I never burn that fast.  I'll use 16X only for stuff I'm gonna leave in the car.  But be aware that burning too slowly on a modern computer burner is as bad as going to fast.  Most all drives have a "sweet spot" where they burn the best.  I tend to stick with 8X.

I also suggest not going to a DVD burner for all your CD-R burning.  While it does work for CD-Rs, it doesn't always work perfectly and will produce more coasters & strange errors.

I rip with EAC & burn with NERO @ around 8X.  I try to stick w/Mitsui discs, but I use some Prodiscs & Taiyo Yuden's, too.  My luck w/Memorex hasn't been great overall, but their black ones seem okay.

Odd- I have the same Denon dual burner that BC mentions, but I've never once burned a disc on it!  :oops:

sbcgroup1

Re: Good CDR's
« Reply #13 on: 25 May 2004, 04:21 pm »
Quote from: SWG255
This is getting way off topic, I believe gold CD-Rs have great potential, I haven't tried recent brands. I believe the problem I cited in my previous post has much more to do with the Marantz CDR-630 than the gold CDs.  This is another way of saying the gear used may be more important than the media or the burning speed, since I can burn audio at 24X on my Plextor CD burners with no discernable audio degradation audible on my RM-40s. At higher burn speeds the audio CDs may not playback properly on all CD pl ...

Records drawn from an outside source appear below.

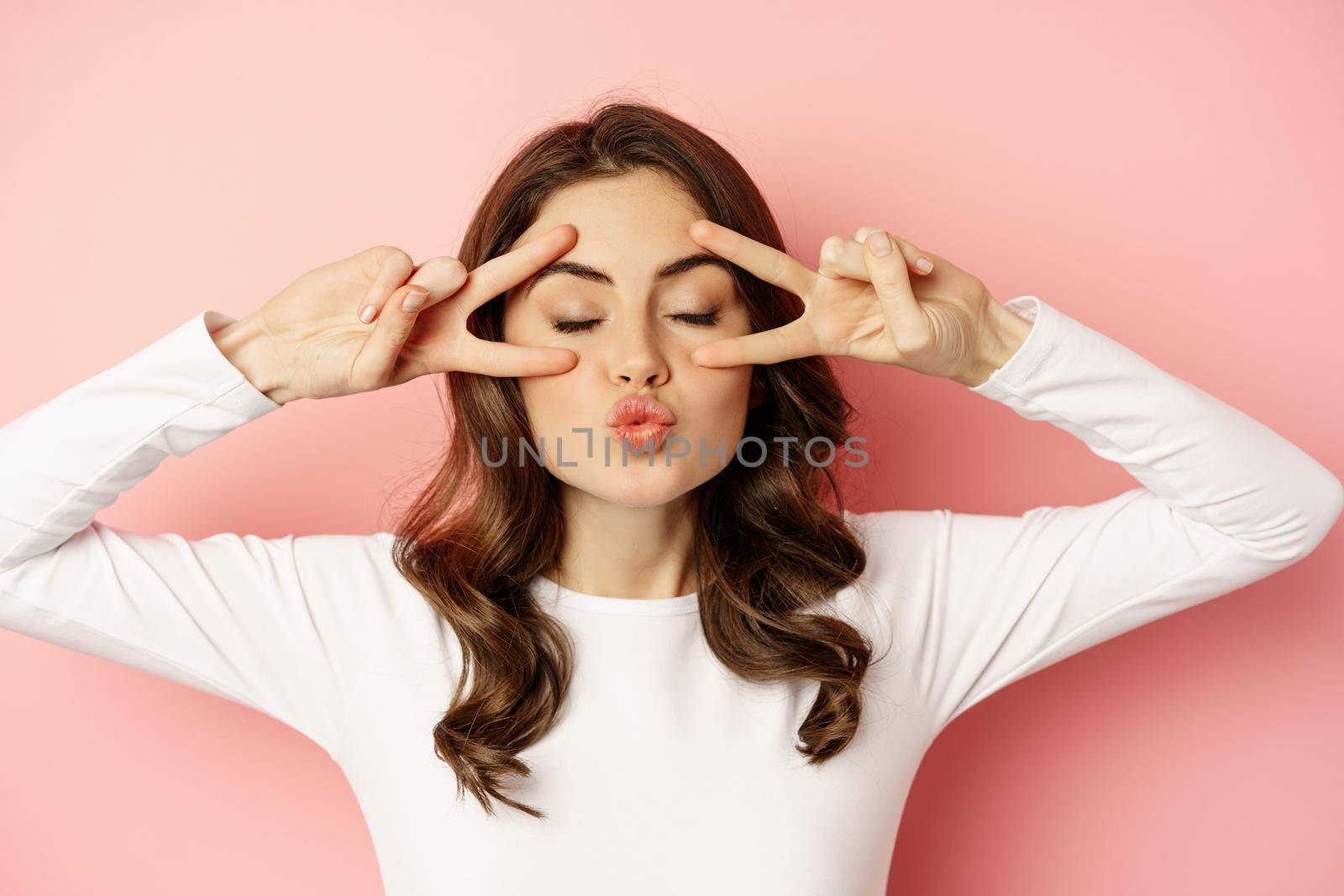 Close up face of young stylish girl, sassy woman showing happy, excited face expression, peace v-sign over eyes, standing against pink background by Benzoix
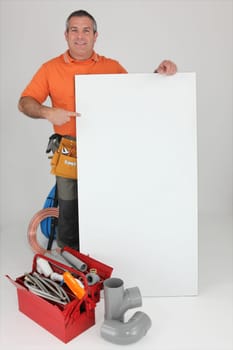 Plumber with materials and a board left blank for your message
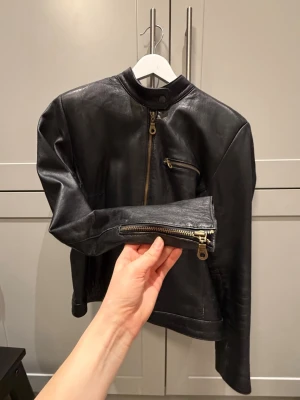 Svart skinnjacka med dragkedjor - Snygg svart skinnjacka från Jofama i äkta läder. Jackan har ståkrage med tryckknapp, dragkedja framtill, bröstficka med dragkedja och dragkedjor vid ärmsluten. Perfekt för en cool och stilren look.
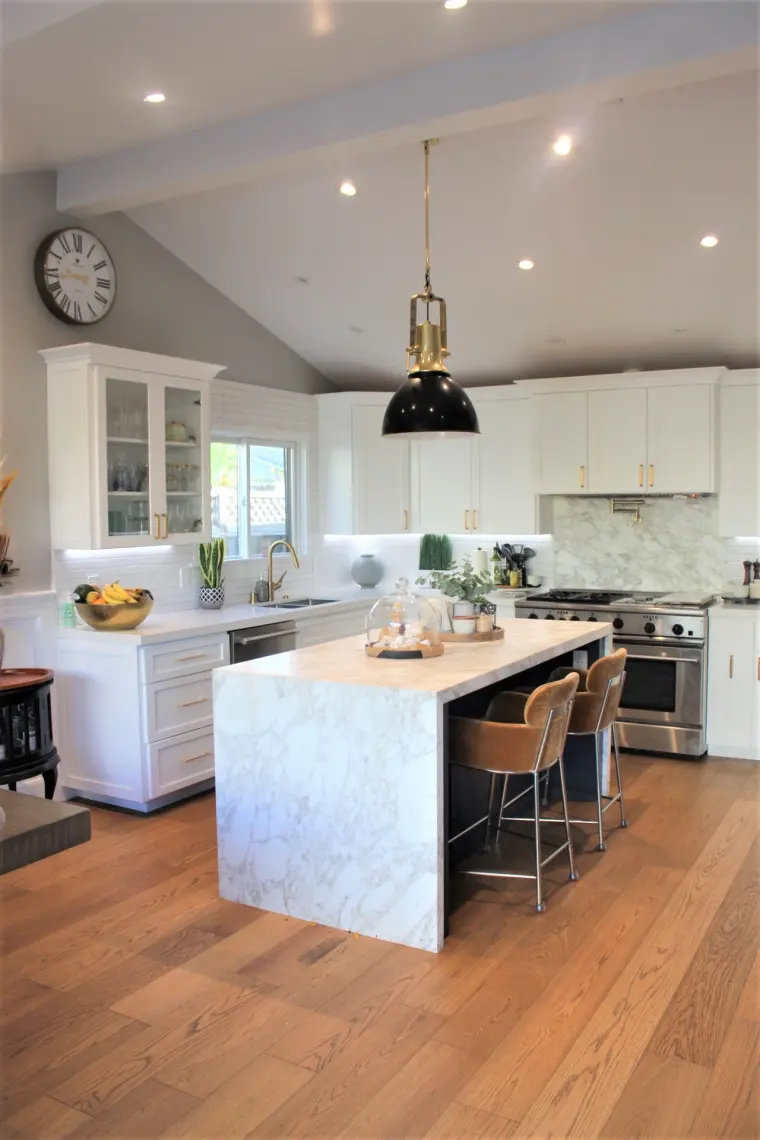 Full kitchen view with the waterfall island and marble slab behind the range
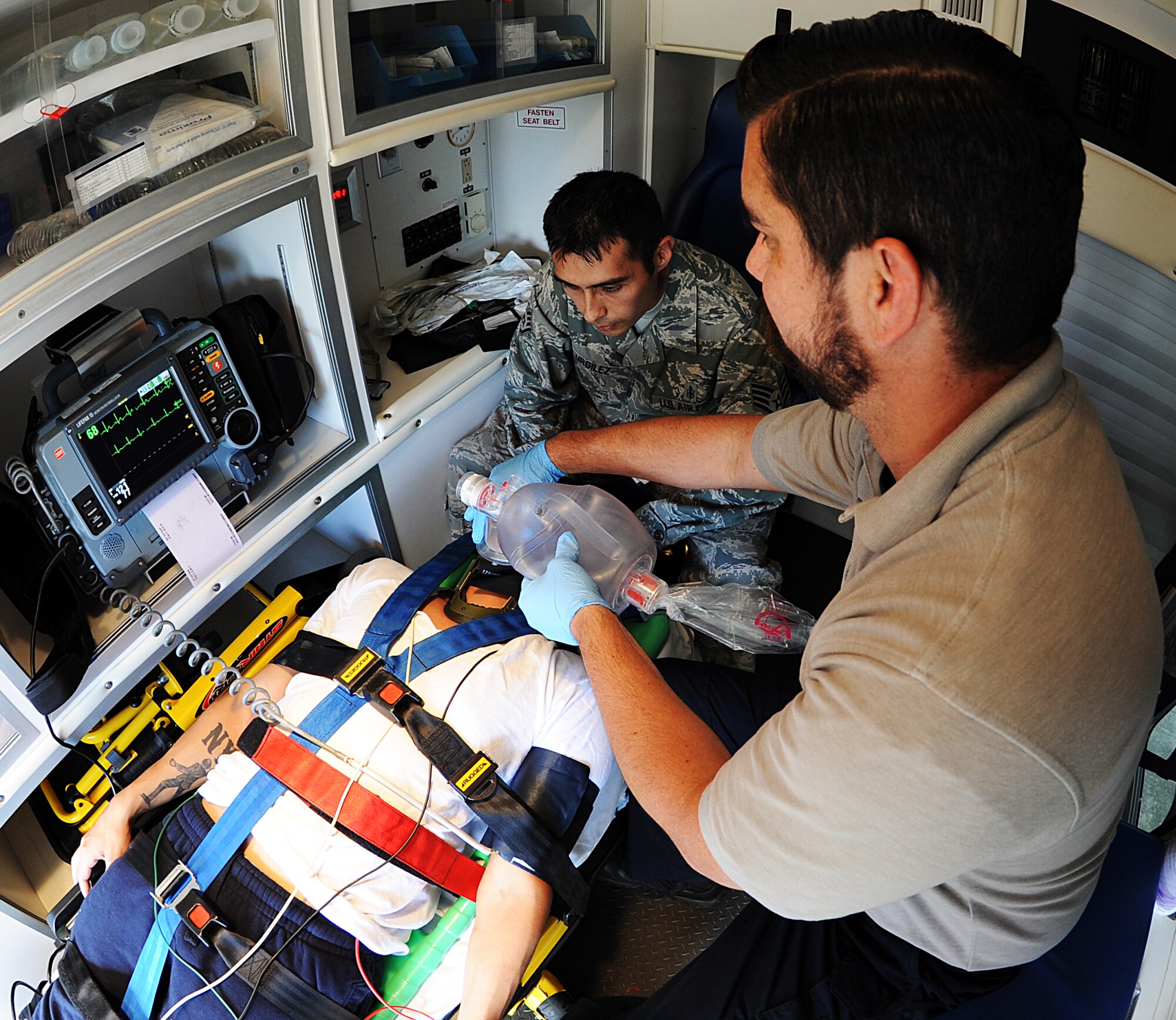 Staff Sgt. Angel Urgilez and Joshua Conley, 1st Special Operations Medical Operations Squadron paramedics, simulate providing oxygen to a patient in the back of an ambulance at Hurlburt Field, Fla., Nov. 5, 2013. Urgilez uses simulations to refresh the certified paramedics on his stafff and train new Airmen on practical application of skills they learned in technical training.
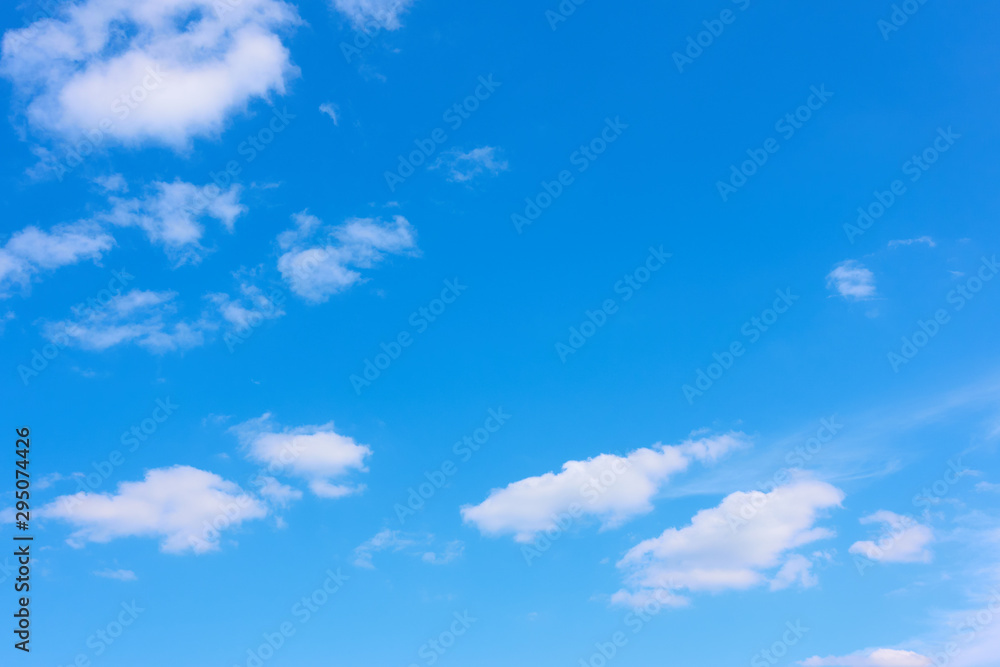 Blue sky with light white clouds -  background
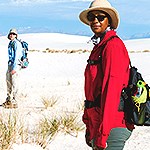 Two visitors hiking in the dunefield with proper hiking equipment.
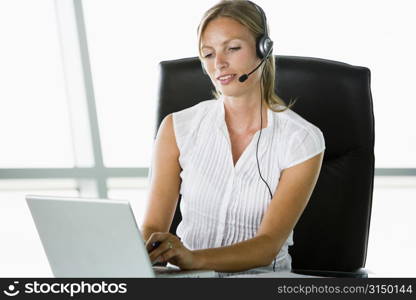 Businesswoman sitting in office wearing headset using laptop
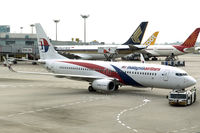 9M-MXM @ WSSS - Pushback for morning departure to KUL as MH604. - by Arjun Sarup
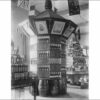 Image: a decagonal display featuring bottles of wine and spirits sits upon artfully arranged barrels. The top of the display features pictures of people and scenes. On either side of the display two others, pyramidal in shape, display similar products.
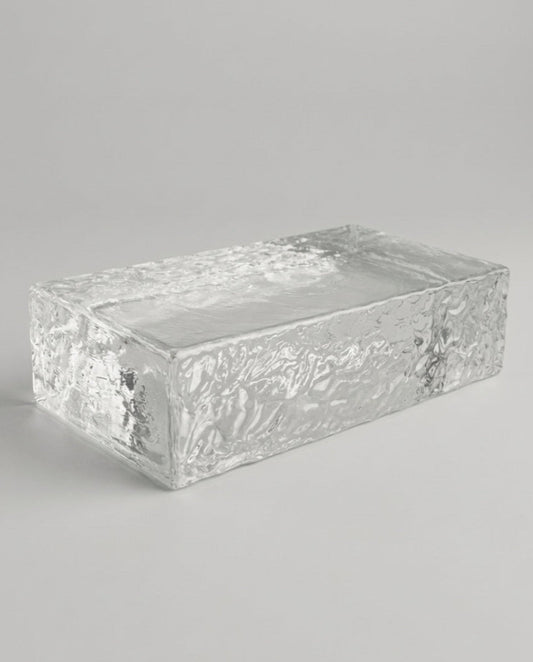 Rectangular glass container with textured surface on a gray background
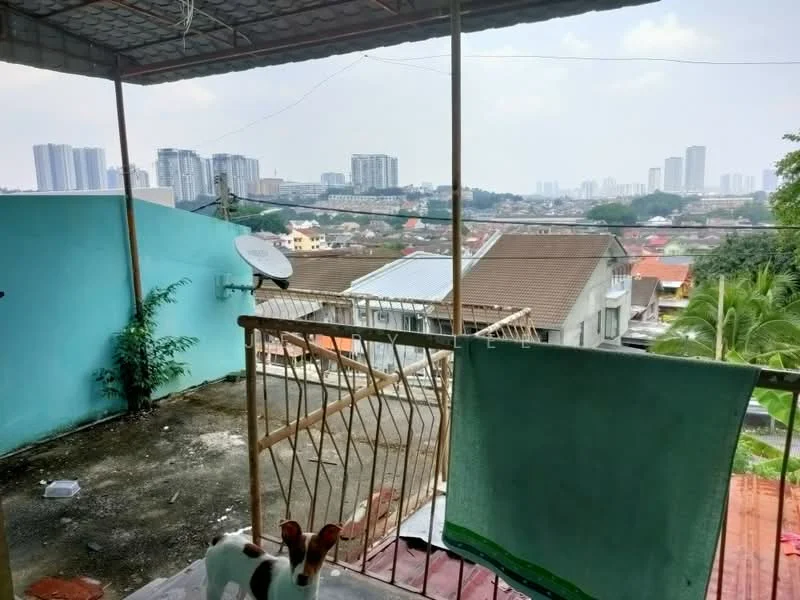 Room features: balcony, metal railing, concrete flooring, city skyline view, satellite dish, green wall, laundry hanging area, partially covered roof; view: city.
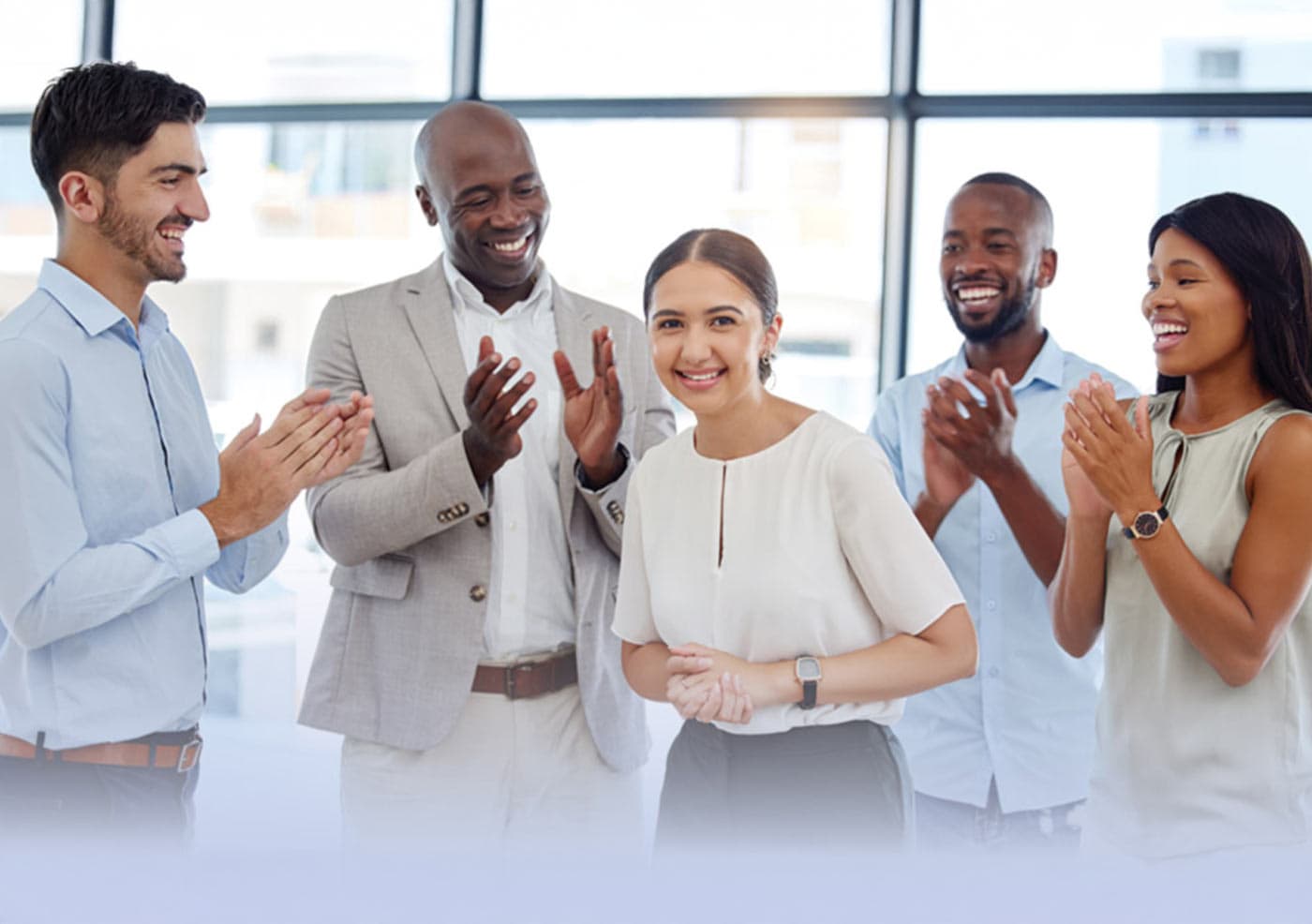 group of corporate employees clapping with appreciation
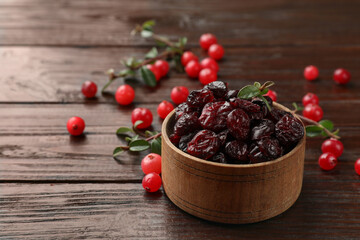 Tasty dried cranberries in bowl, fresh ones and leaves on wooden table, closeup. Space for text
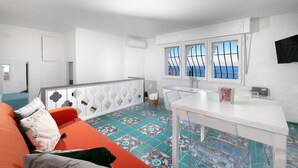 Eine moderne Küche mit Meerblick, ein Essbereich mit einem weißen Tisch und eine Wohnbereits mit einem orangefarbenen Sofa.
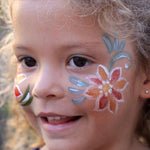 Young girl with a colourful Natural Earth face paint pattern around her eye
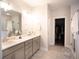 Bright bathroom featuring double vanity, large mirror, and modern fixtures at 6165 Namon Wallace Dr, Cumming, GA 30028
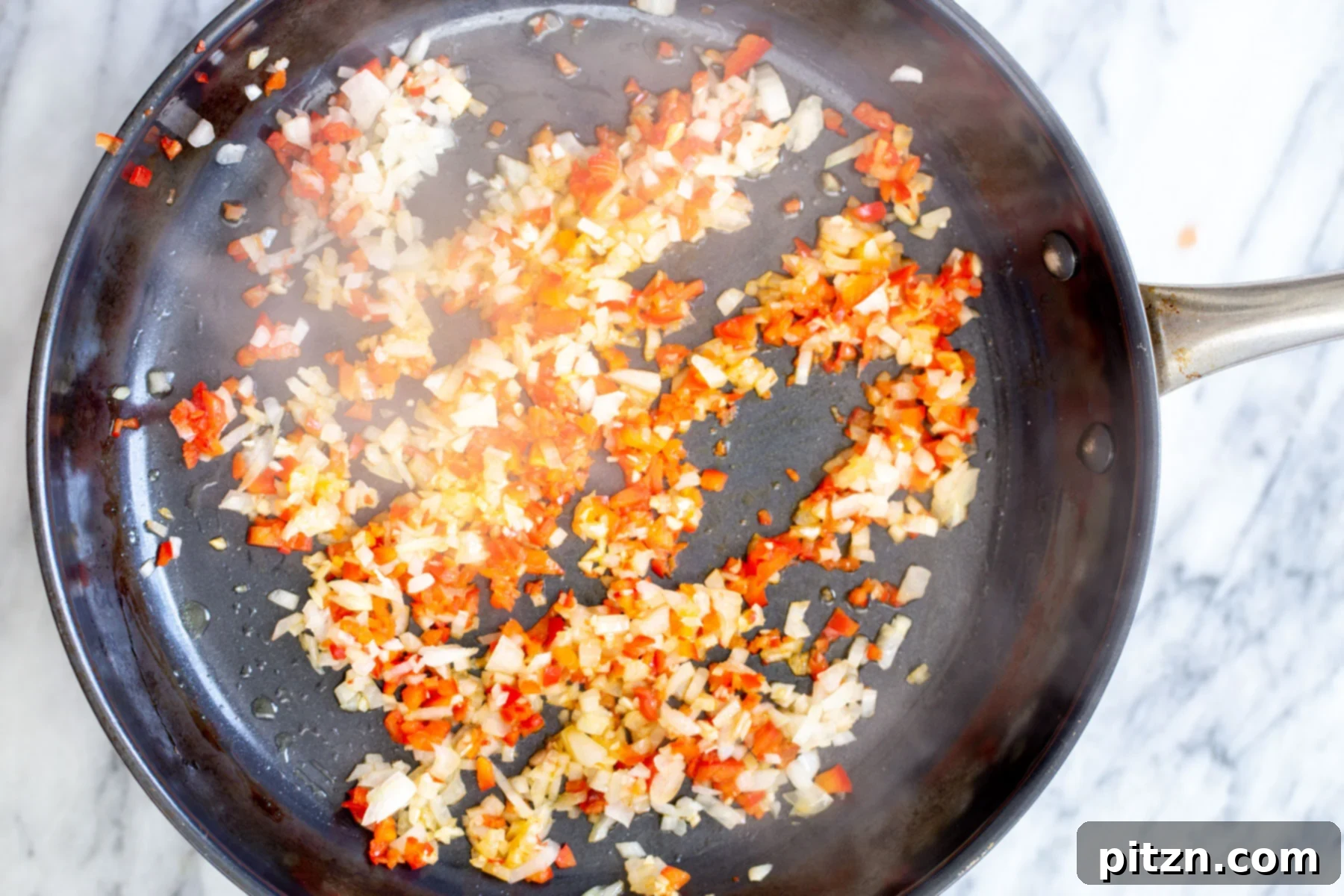 Red chili flakes, garlic, and onion sautéing in a black pan, fragrant and ready for the next step of the pasta.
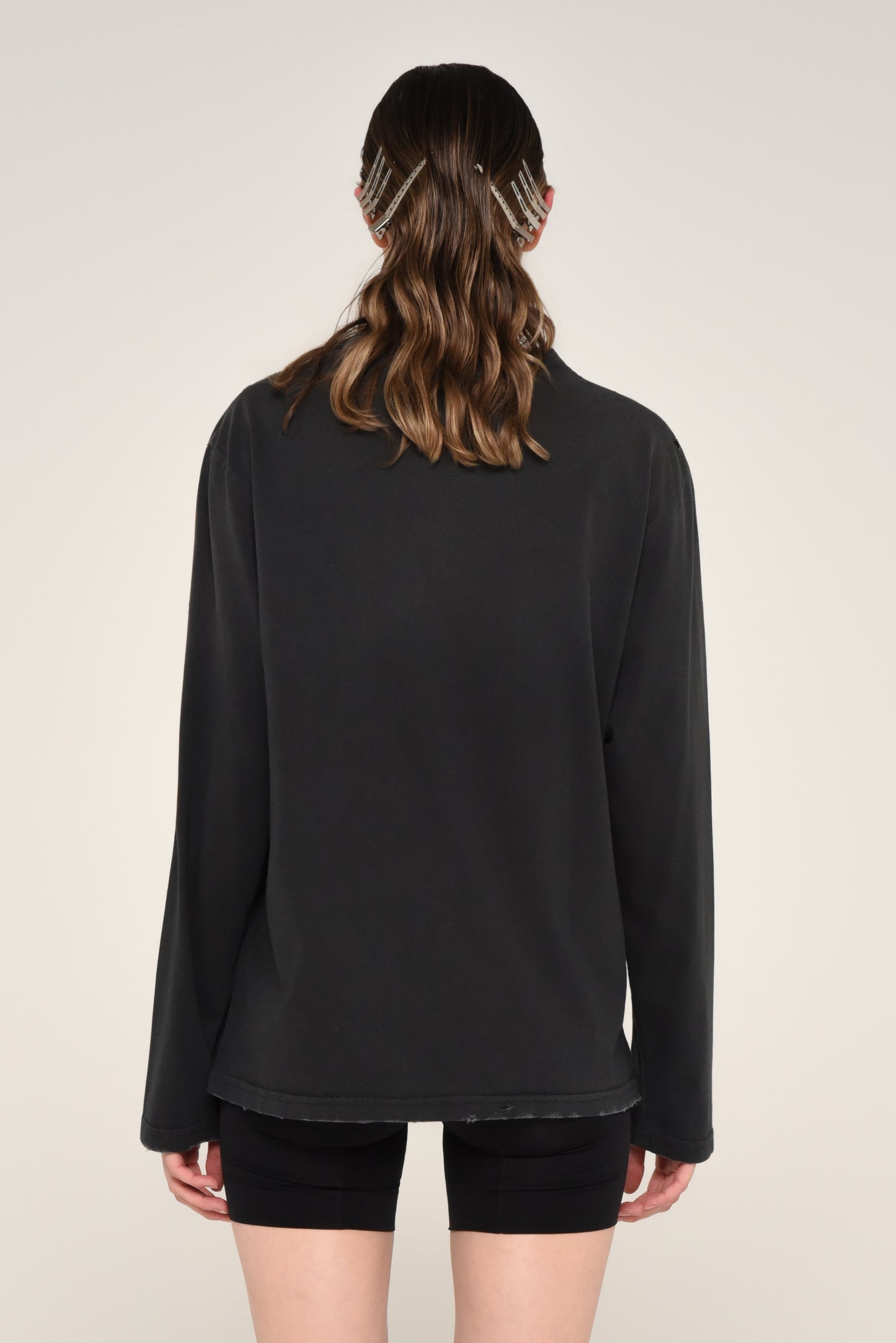 Back view of woman wearing a black long sleeve shirt and biker shorts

Yeah, i agree. I have done 40x burns in the studio of a masterdisk that sound identical. I haven't really had any problems with different burn speeds sounding different at all. I agree with the "mental" notion that slower speeds offer more stability, theoretical. But then again, if equipment is working the way it's supposed to, without operator error, everything should be golden.

The future of audio is for everything to merge anyways. I mean, damn, we're *finally* on ethernet audio at this point as a control system and file swapping system in the hi-fi environment already.